In some implementations, a memory device includes a memory cache configured to store write data received from a host device, the write data comprising a plurality of data segments; a pattern database configured to store one or more data patterns; a deduplication engine configured to: receive a data segment, identify whether a pattern of the data segment matches any data pattern of the one or more data patterns, based on the pattern of the data segment matching any data pattern of the one or more data patterns, identify the data segment as a duplicated data segment, remove the duplicated data segment from the write data to generate deduplicated write data, and identify a pattern reference corresponding to a matching pattern of the one or more data patterns that matches the pattern of the data segment, and generate deduplication information including a detail associated with the duplicated data segment, wherein the detail includes the pattern reference; a compression engine configured to compress the deduplication information to generate compressed deduplication information and compress the deduplicated write data to generate compressed deduplicated write data; and a memory array configured to store the compressed deduplication information and the compressed deduplicated write data.

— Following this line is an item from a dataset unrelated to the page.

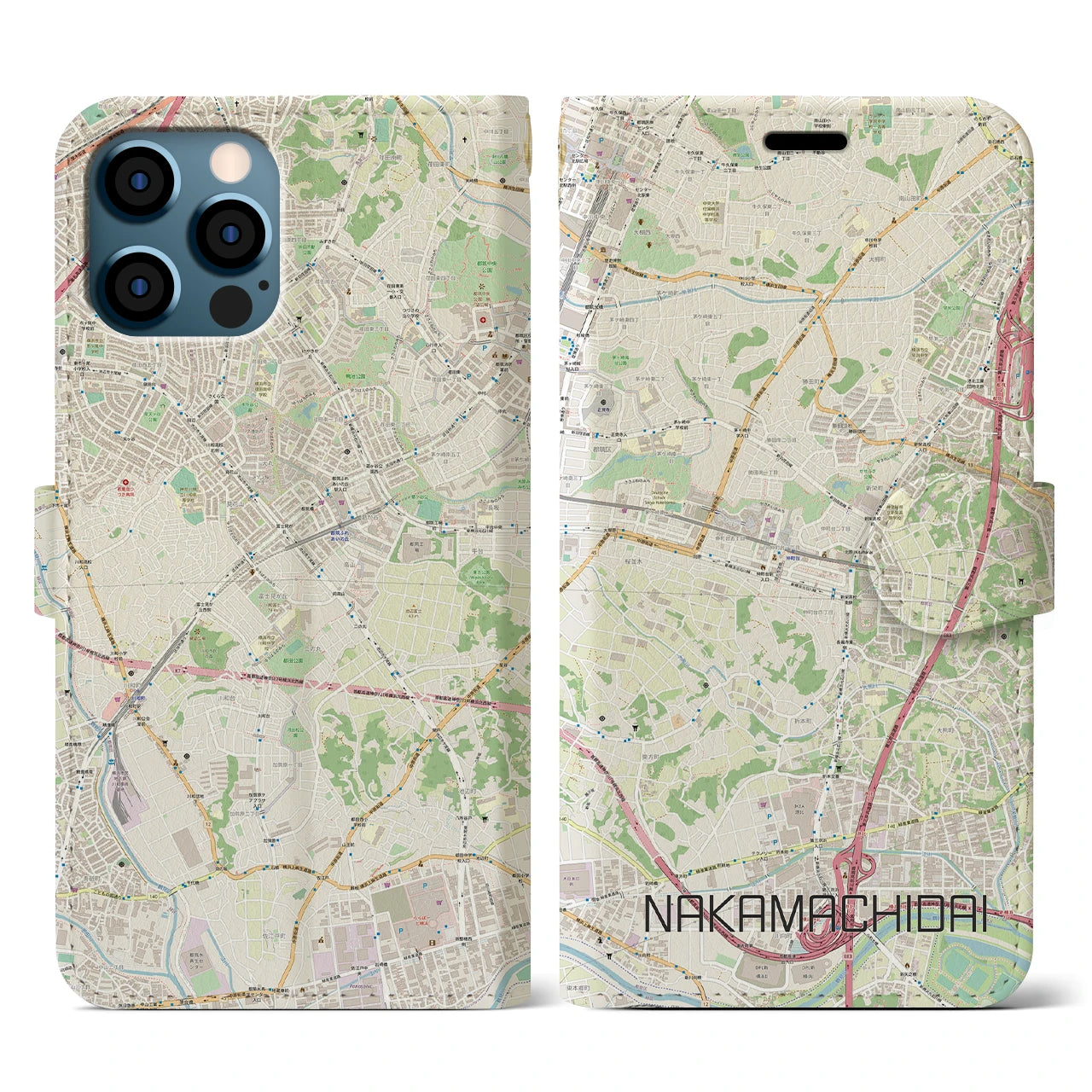 【仲町台(神奈川県)】地図柄iPhoneケース(手帳タイプ)ナチュラル・iPhone 12 / 12 Pro 用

In some implementations, a memory device includes a memory cache configured to store write data received from a host device, the write data comprising a plurality of data segments; a compression engine configured to compress the write data into compressed write data such that the plurality of data segments are compressed into a plurality of compressed data segments; a pattern database configured to store one or more data patterns; a deduplication engine configured to: receive a compressed data segment of the plurality of compressed data segments, identify whether a pattern of the compressed data segment matches any data pattern of the one or more data patterns, based on the pattern of the compressed data segment matching any data pattern of the one or more data patterns, identify the compressed data segment as a duplicated compressed data segment, remove the duplicated compressed data segment from the plurality of compressed data segments to generate deduplicated compressed write data, and identify a pattern reference corresponding to a matching pattern of the one or more data patterns that matches the pattern of the compressed data segment, and generate deduplication information including a detail associated with the duplicated compressed data segment, wherein the detail includes the pattern reference; and a memory array configured to store the deduplication information and the deduplicated compressed write data.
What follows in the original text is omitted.